Advances in ΧAΙ should be leveraged to enhance transparency and interpretability, enabling practitioners to understand which variables drive risk predictions and why. Integration of physiological, psychological, and contextual variables alongside sensor-derived data may improve predictive accuracy and clinical relevance. Additionally, future work should explore ethical considerations, including data privacy, informed consent, and the potential unintended consequences of algorithm-driven decision-making in sport.
4.10. Practical Implications and Guidelines
From an applied perspective, injury prediction models should be implemented as decision-support tools rather than as deterministic or prescriptive systems. Predictive outputs should be interpreted alongside clinical assessment, coaching insight, and contextual information such as competition schedule and athlete readiness. Overreliance on algorithmic predictions without domain expertise may increase the risk of inappropriate training modifications or misclassification of injury risk.
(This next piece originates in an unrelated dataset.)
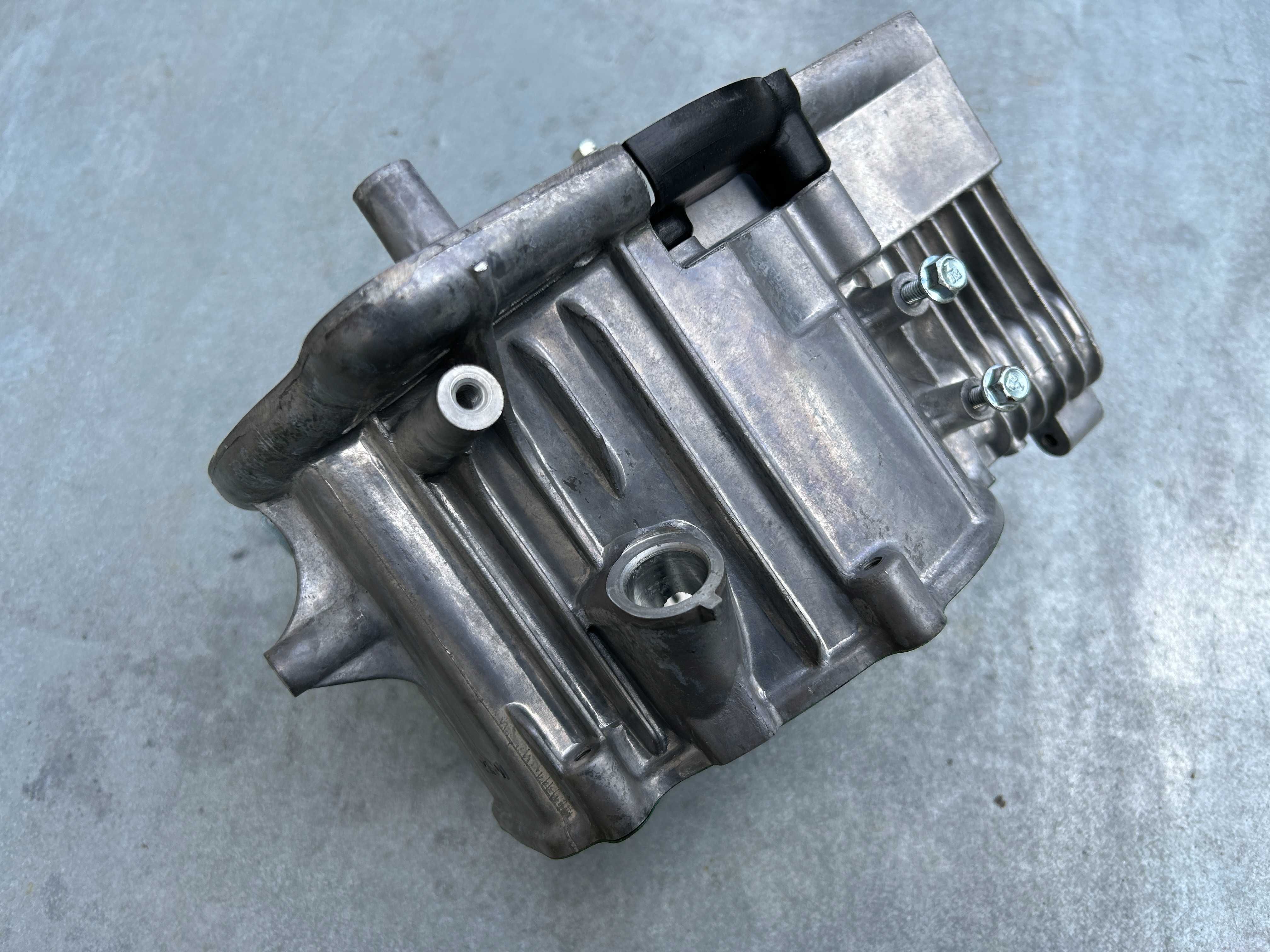 CYLINDER Blok Silnik SUBARU EA190 YAMAHA MA 190 68mm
To enhance real-world applicability, practitioners and organisations should prioritise the use of models that have been validated across multiple teams and, where possible, across different sports contexts, rather than relying on models developed within a single-team environment. Models trained and tested on diverse populations are more likely to capture the variability in training practices, competition demands, and athlete characteristics that exist across teams and sports.
Transparent reporting of model inputs, assumptions, and limitations is essential to avoid misinterpretation and to promote responsible use. Practitioners should be trained to understand basic principles of model uncertainty and performance metrics. The development of interdisciplinary teams involving sports scientists, clinicians, and data scientists is strongly recommended to ensure that predictive systems are technically robust, clinically meaningful, and ethically sound. Clear operational protocols should be established to define how predictive information is communicated and acted upon within performance and medical teams.